Da una parte il fantastico papà che prende tutti i sei figlioletti e si mette in viaggio per raggiungere l’amata sposa; dall’altra il “cattivo” padre di questa donna che desidera invece seppellirla dopo una cerimonia in chiesa, essendo la sua famiglia di tradizione cristiana. Da notare che Ben ha insegnato ai figli che “non bisogna prendere in giro nessuno. Salvo i cristiani”. Dopo dieci anni in mezzo alla foresta i giovani figli di Ben si dovranno misurare con il mondo moderno e consumista americano, pieno di negozi, videogames e altre diavolerie come la Coca-Cola, chiamata da Ben “acqua avvelenata”.



Anche nel mettere in scena il confronto tra i ragazzi moderni e i figli di Ben cresciuti leggendo Mao, Noam Chomsky e tanti altri intellettuali e filosofi, il regista Ross decide di seguire uno schema binario. Ecco così da una parte i cugini dei figli di Ben descritti come ignoranti, viziati e con in mano sempre il cellulare, mentre dall’altra la figlia Zaja che ha solo otto anni sa recitare a memoria e giudicare in maniera personale e puntuale i Bill of Rights.

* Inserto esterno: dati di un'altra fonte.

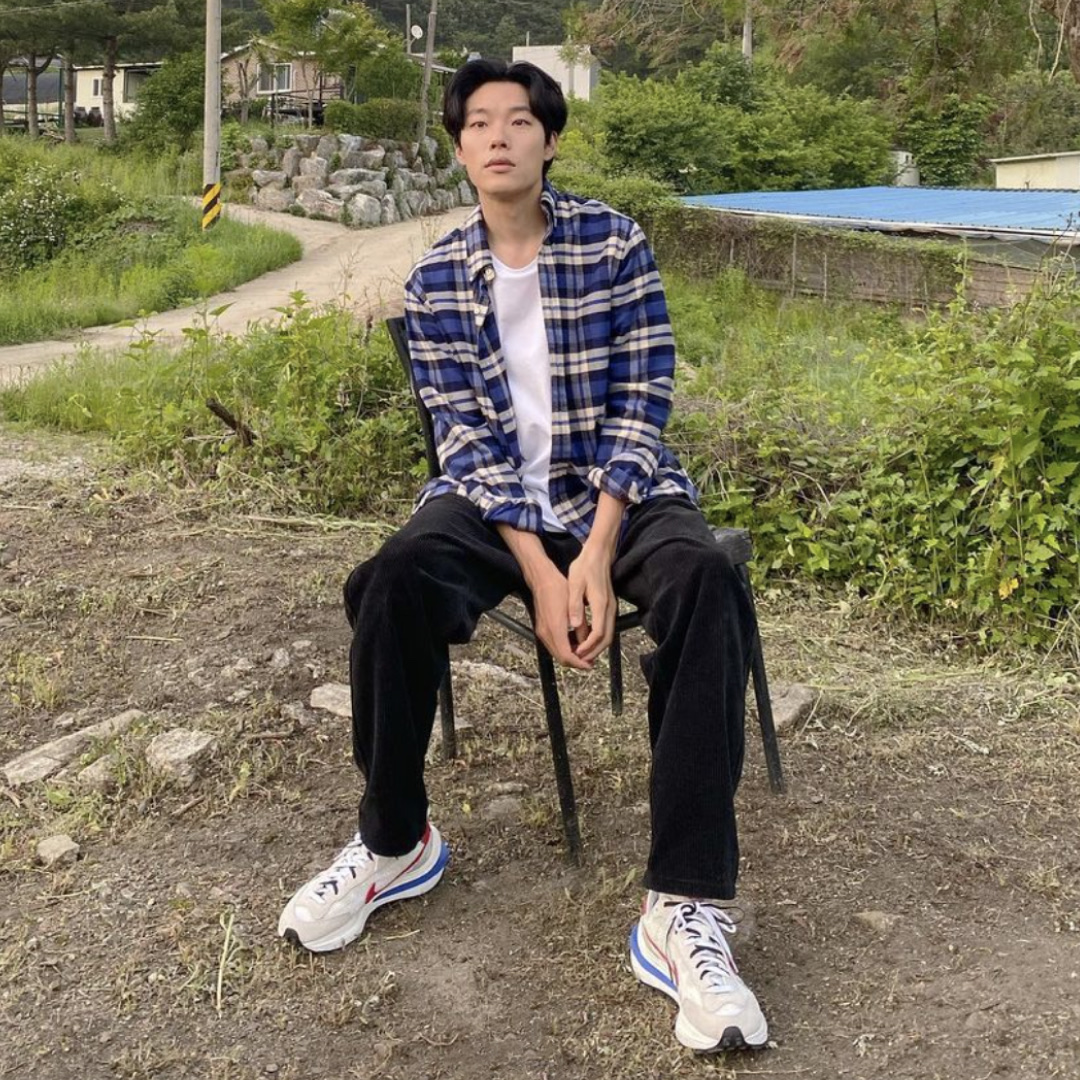 Nike x Sacai VaporWaffle Royal Fuchsia 착용 스타일 - 2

Per essere onesti ci sono anche dei momenti in cui la “fantastichezza”, perdonate il neologismo, di Ben viene vista vacillare, come quando Bo, interpretato dal giovane George Mackay, scopre di non sapere nulla in fatto di ragazze tanto da urlare a suo padre che lui sa solo ciò che è scritto nei libri. Ma bastano poche scene, per rivedere di nuovo Ben in testa a guidare la famiglia felice verso il luogo dove sarà celebrato il funerale della moglie. L’obiettivo della famiglia hippie è quella di impedire il funerale in chiesa, perché sa che la madre era buddista e aveva esplicitamente richiesto in un testamento di essere cremata e di vedere le proprie ceneri finire in uno scarico qualunque.

Comunque sono così tante le scene di inutile violenza che costellano il viaggio della famiglia che probabilmente per molti sarà difficile resistere fino alla fine per scoprire se il fantastico padre riuscirà o meno nella sua missione. Quello che invece è doveroso dire è che nel film ci sono diversi accenni, spunti che invitano a una riflessione sul ruolo del padre, così necessaria di questi tempi, ma che purtroppo non vengono mai fino in fondo presi sul serio. 

Infatti, il fantastico Ben non convince come figura di padre, perché in fondo non apre i figli alla scoperta del mondo, come ovviamente non lo fanno i genitori dei ragazzi-consumisti parenti di Ben. Forse bisognerebbe iniziare a ragionare meno per assurdo, con meno pregiudizi, non tanto per tirare fuori metodi educativi fantastici, ma almeno per non dare soluzioni alienanti e quindi inutili, come inutile in fondo appare il contributo di questo film.